Your task: Only the lines below between the ones containing "Jilong Ocean Inflatable Swim Ring" and "NeoNail Baby Boomer", inclusive, are to be reproduced, each exactly as it stands.

Data for this task:
--------------------------------

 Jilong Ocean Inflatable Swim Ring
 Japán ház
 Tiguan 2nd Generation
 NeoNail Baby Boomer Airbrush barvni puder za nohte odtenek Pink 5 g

--------------------------------

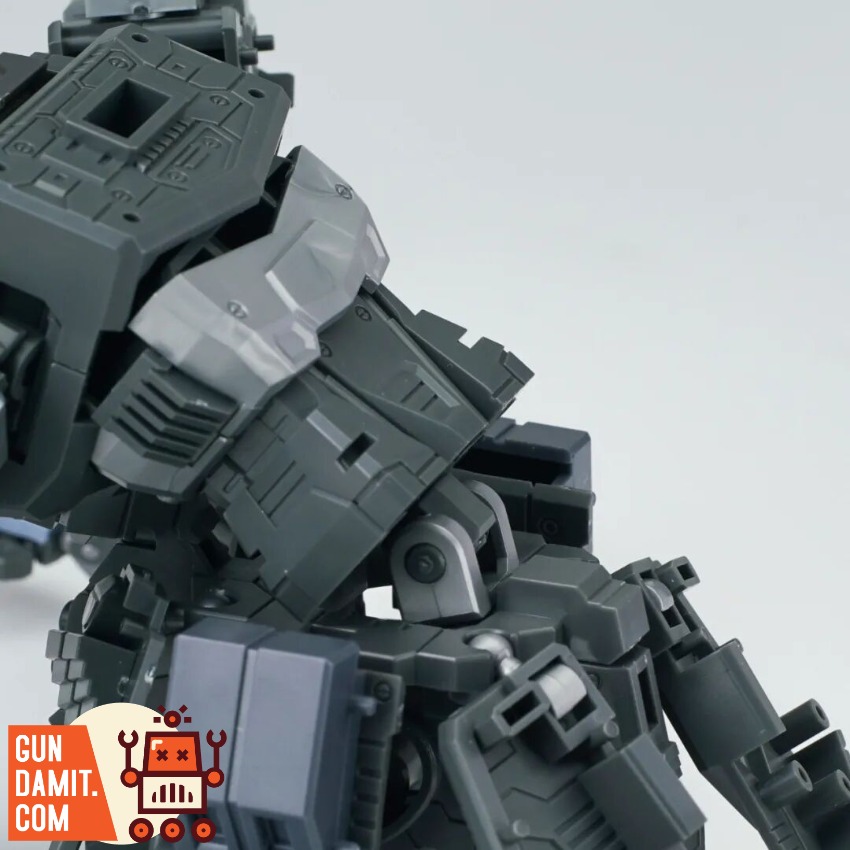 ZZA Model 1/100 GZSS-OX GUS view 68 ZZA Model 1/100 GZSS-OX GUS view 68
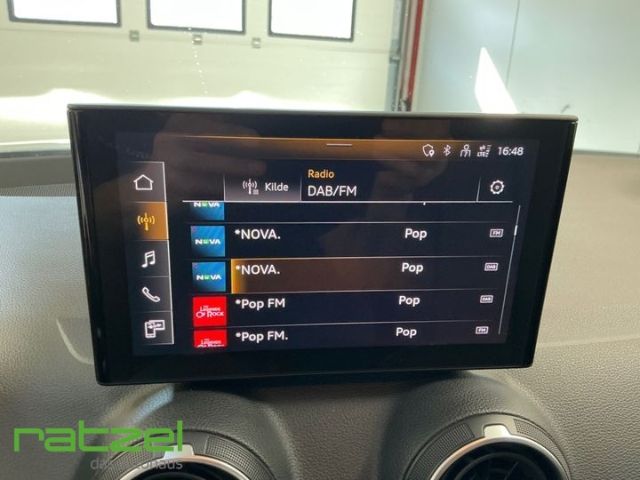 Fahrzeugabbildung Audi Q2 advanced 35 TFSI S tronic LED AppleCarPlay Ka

--------------------------------

Written answer:
 Jilong Ocean Inflatable Swim Ring
 Japán ház
 Tiguan 2nd Generation
 NeoNail Baby Boomer Airbrush barvni puder za nohte odtenek Pink 5 g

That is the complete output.